Llegar siempre tarde al frío umbral del desencanto. Cuando la fiesta
acabó hace rato. Cuando todos se han marchado a verme llegar tarde,
escondidos tras la maleza. Nadie dice nada. Nadie avisa, y cuando lo
hacen, sólo profieren el reproche, ese "¿lo ves?". Pues no, no lo vi. No
vi más que la luz que me guió hasta ese umbral, ahora frío; hasta ese
umbral donde no hay puerta, ni abierta ni cerrada; hasta ese umbral
donde hay, eso sí, un enorme timbre. Y tocas, y vuelves a tocar.

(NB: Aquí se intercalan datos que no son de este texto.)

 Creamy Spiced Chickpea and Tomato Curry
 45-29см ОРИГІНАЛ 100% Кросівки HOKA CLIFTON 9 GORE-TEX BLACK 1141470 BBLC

Pero el timbre no suena. No suena porque no hay más que un umbral, un
marco, un quicio, una sensación de puerta abierta, un ánimo de cruzar
hacia algún lugar donde estaría mejor que antes. Y te dices: iluso. Y te
dices: imbécil. Y te repites: otra vez. Llegar siempre tarde al frío
umbral del desencanto. Y darte cuenta de las pocas ganas que tienes de
darte la vuelta y volver por donde viniste. Todos siguen acechando tus
movimientos, tras la maleza. Esperando a que te vayas para poner la
puerta, para arreglar el timbre, para seguir la fiesta a la que tú no
debías llegar a tiempo. Me adentro en la maleza. Desaparezco.